▸ What to do
Look through the data below and extract, unchanged, the lines from the one that contains "Mariachis - foto: HBO Max" to the one that contains "Teana 2013 2.0L XL Comfort photo 3", both included.

Dataset excerpts
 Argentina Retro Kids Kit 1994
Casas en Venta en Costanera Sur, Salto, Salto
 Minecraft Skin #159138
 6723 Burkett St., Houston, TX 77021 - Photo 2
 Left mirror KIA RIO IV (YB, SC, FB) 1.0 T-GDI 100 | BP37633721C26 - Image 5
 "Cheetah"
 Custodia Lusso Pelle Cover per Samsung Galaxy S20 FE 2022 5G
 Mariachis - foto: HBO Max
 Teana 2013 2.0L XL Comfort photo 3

...

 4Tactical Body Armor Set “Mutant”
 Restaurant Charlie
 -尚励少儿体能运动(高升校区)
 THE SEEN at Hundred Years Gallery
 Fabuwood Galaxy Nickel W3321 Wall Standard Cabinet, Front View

==

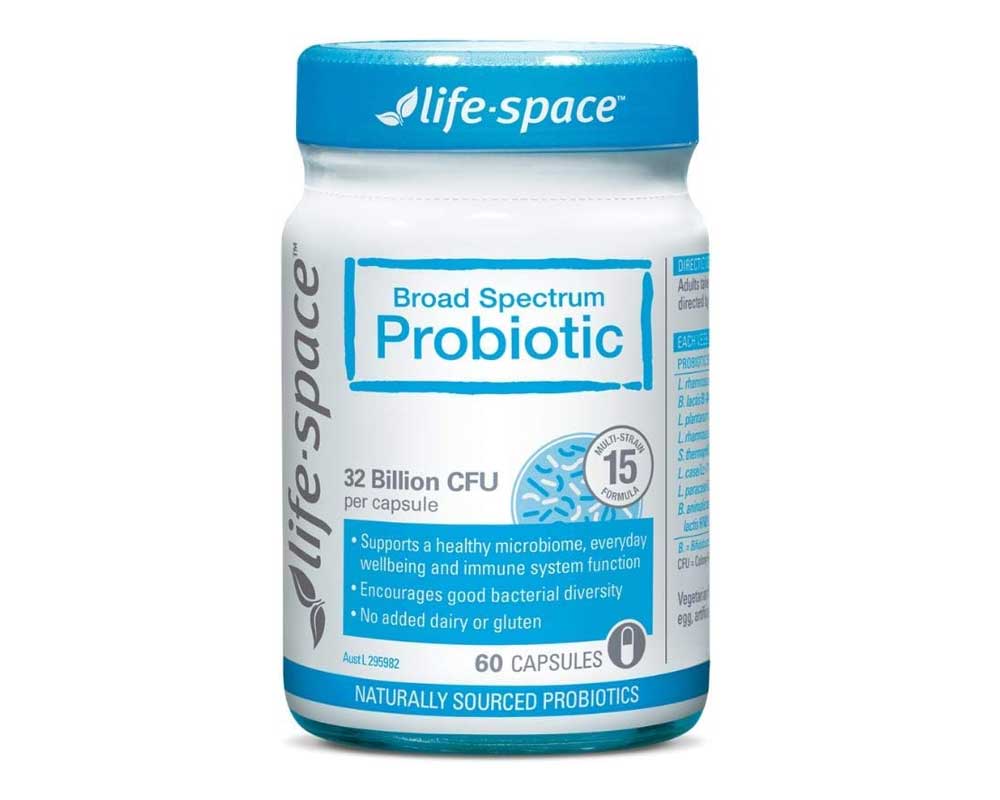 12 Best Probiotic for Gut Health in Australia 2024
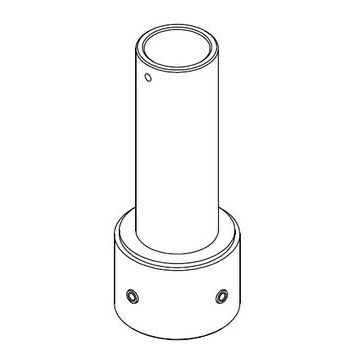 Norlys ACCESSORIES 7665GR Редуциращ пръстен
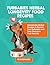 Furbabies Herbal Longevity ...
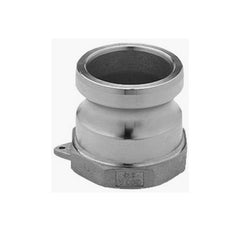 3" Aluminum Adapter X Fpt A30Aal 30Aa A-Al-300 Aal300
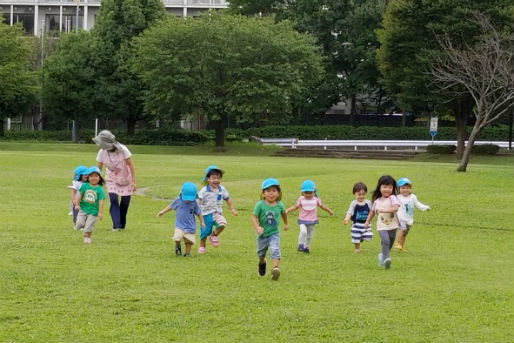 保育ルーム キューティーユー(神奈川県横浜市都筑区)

▸ Exercise response
 Mariachis - foto: HBO Max
 Teana 2013 2.0L XL Comfort photo 3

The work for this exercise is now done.